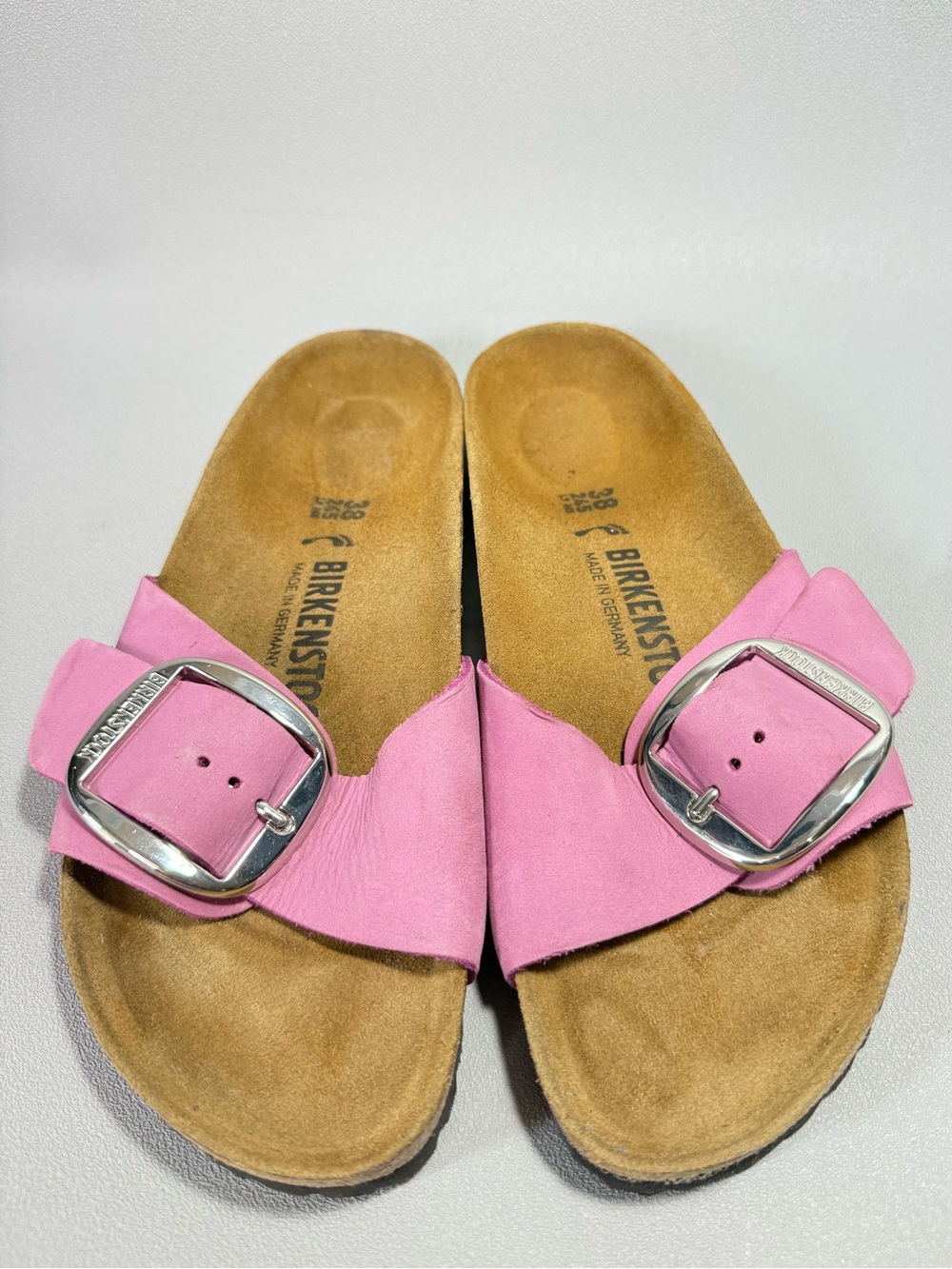 Birkenstock Madrid Purple "Orchid" Nubuck Leather Big Buckle Slide Sandals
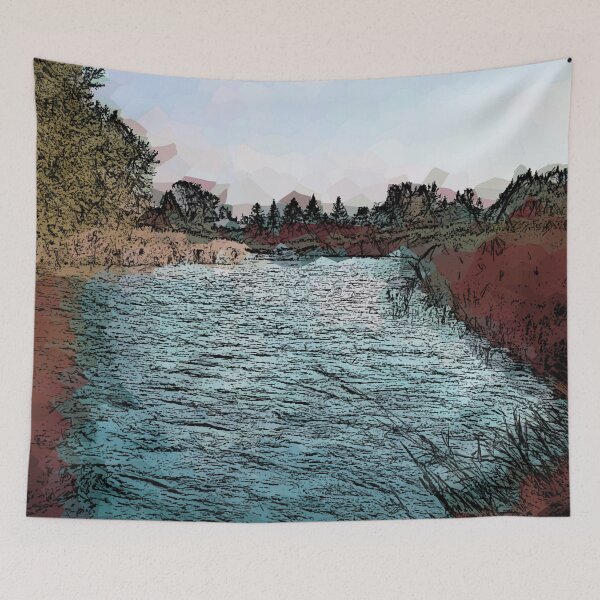 Item preview, Geodesic Downstream Flow designed and sold by Leslie Montgomery Art.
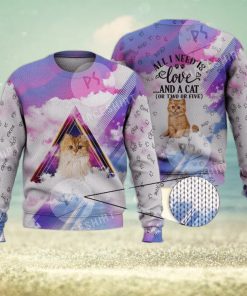 Cute Persian Cat For Cat Lovers 3D Full Print Ugly Sweater Christmas Gift Sweater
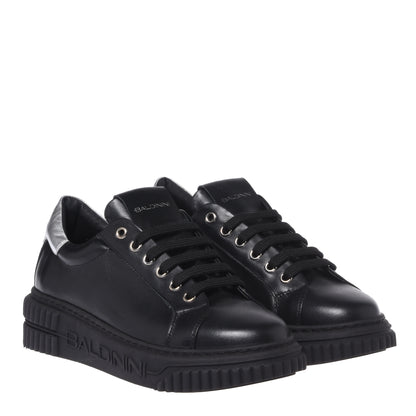 White leather and silver mirror-effect leather sneakers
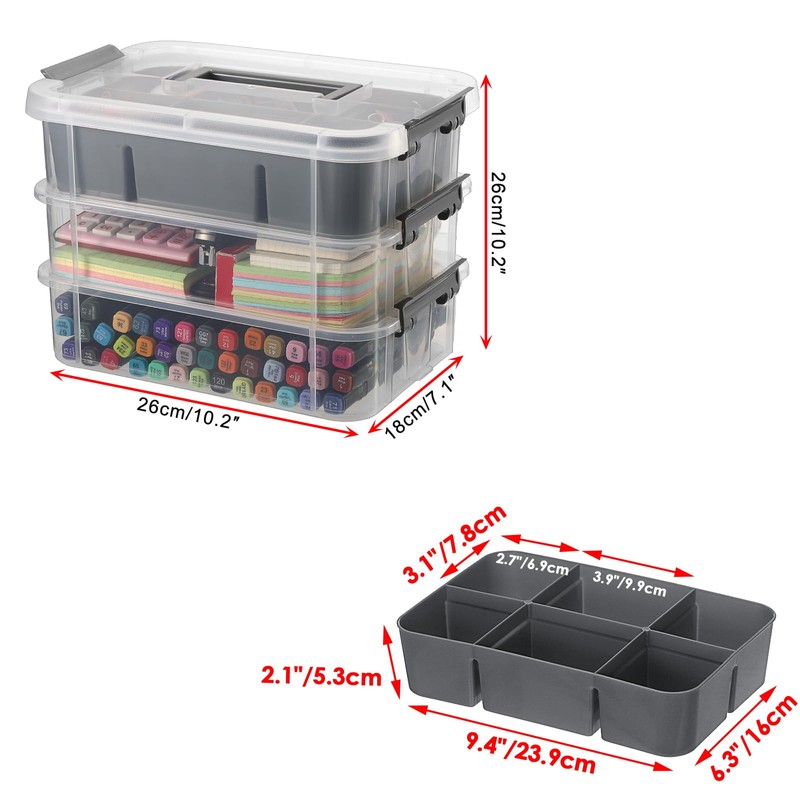 JUXYES 2 Pack 3-Tiers Stack Carry Storage Box With Divided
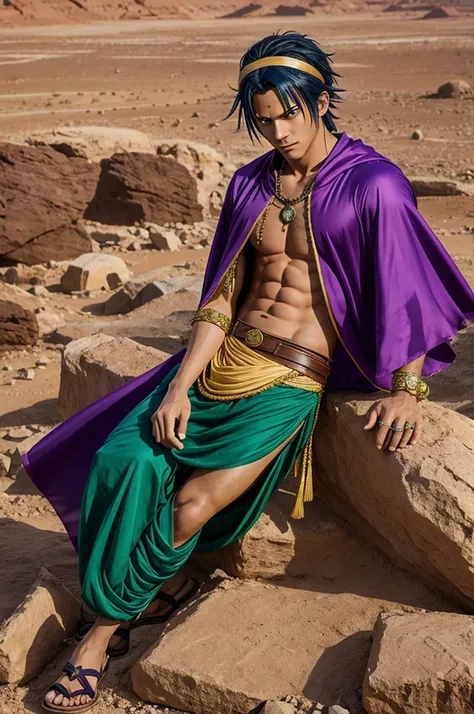 Generate a costume for Alabasta, that is, a desert based on the anime One Piece that is purple and green in an Indian style that looks like royalty and that the person wearing it has dark blue hair.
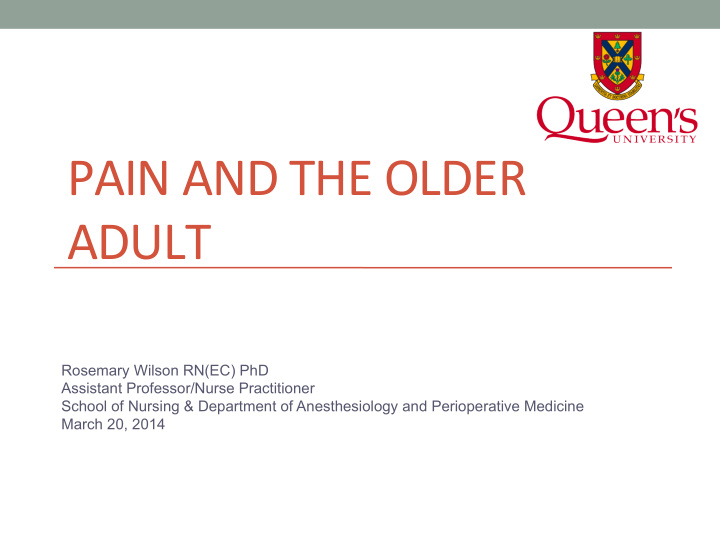 pain and the older adult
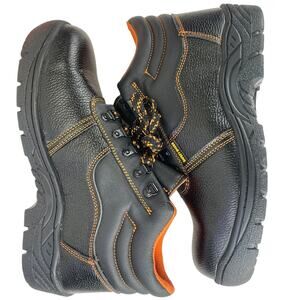 Safety Steel Toe Men Work Boots Black Orange Padded Collar Anti Slip NIB S 44/11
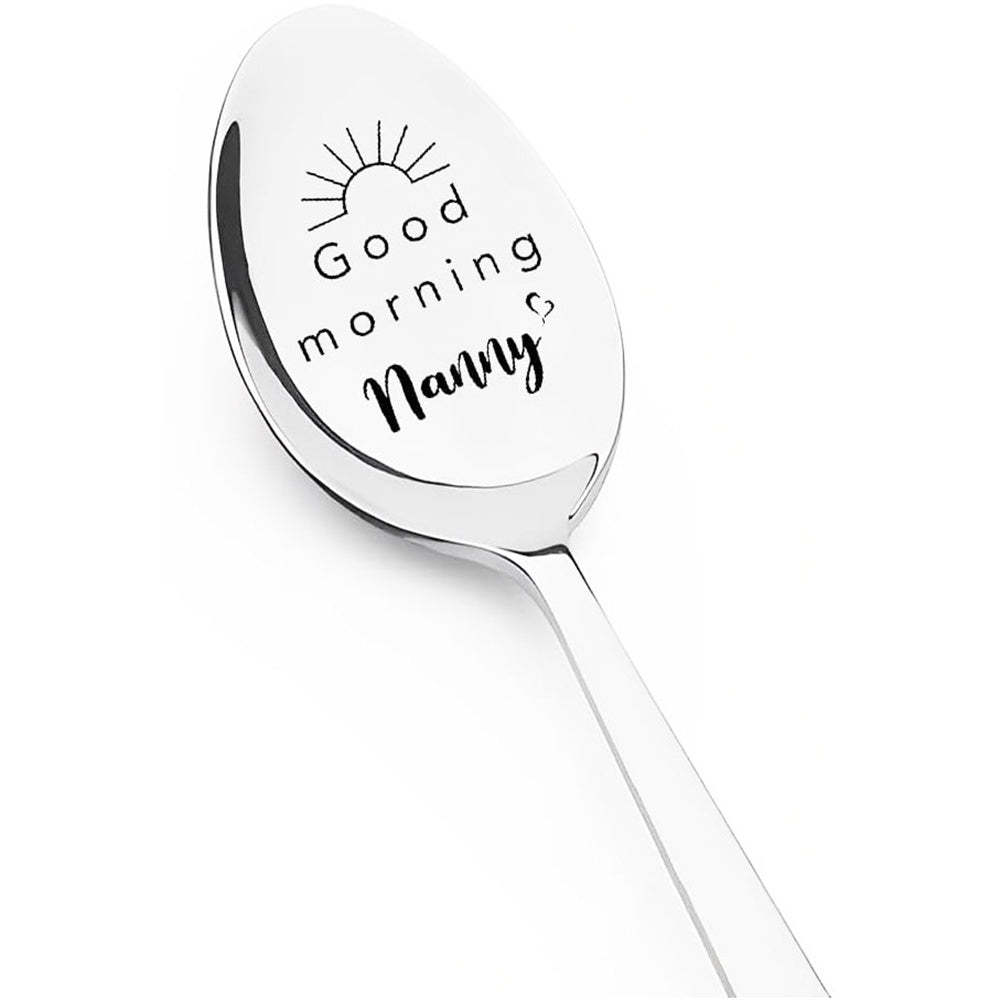 Good Morning Coffee Spoon Stainless Steel Spoon Gift for Nana Papa Mom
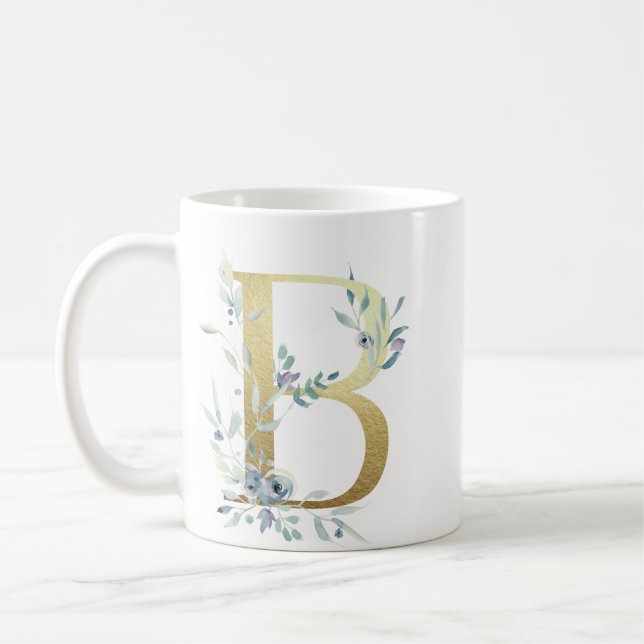 B  gold initial with blue floral foliage coffee mug (Left)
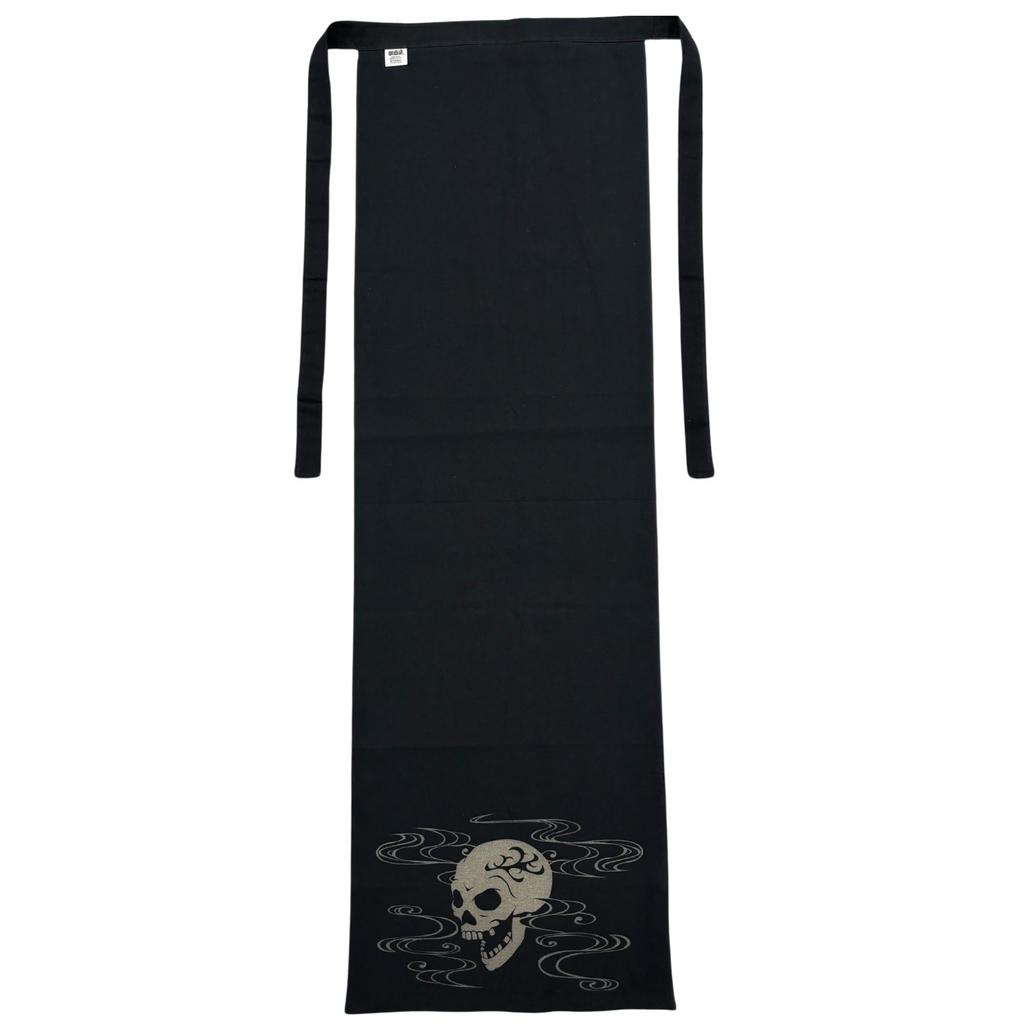 Edoten Etchu Fundoshi (Loincloth) - Made in Japan, 100% Cotton, Discharge-Dyed, Stylish Japanese Pattern, Men's, One Size Fits All, Skull and Black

## Exercise objective:
Provide the lines again, unchanged, from where the data above begins through the line containing "coffee mug (Left)", both ends included, omitting pictures and adding nothing.

## Answer section:
 Birkenstock Madrid Purple "Orchid" Nubuck Leather Big Buckle Slide Sandals
 Item preview, Geodesic Downstream Flow designed and sold by Leslie Montgomery Art.
 Cute Persian Cat For Cat Lovers 3D Full Print Ugly Sweater Christmas Gift Sweater
 White leather and silver mirror-effect leather sneakers
 JUXYES 2 Pack 3-Tiers Stack Carry Storage Box With Divided
 Generate a costume for Alabasta, that is, a desert based on the anime One Piece that is purple and green in an Indian style that looks like royalty and that the person wearing it has dark blue hair.
 pain and the older adult
 Safety Steel Toe Men Work Boots Black Orange Padded Collar Anti Slip NIB S 44/11
 Good Morning Coffee Spoon Stainless Steel Spoon Gift for Nana Papa Mom
 B  gold initial with blue floral foliage coffee mug (Left)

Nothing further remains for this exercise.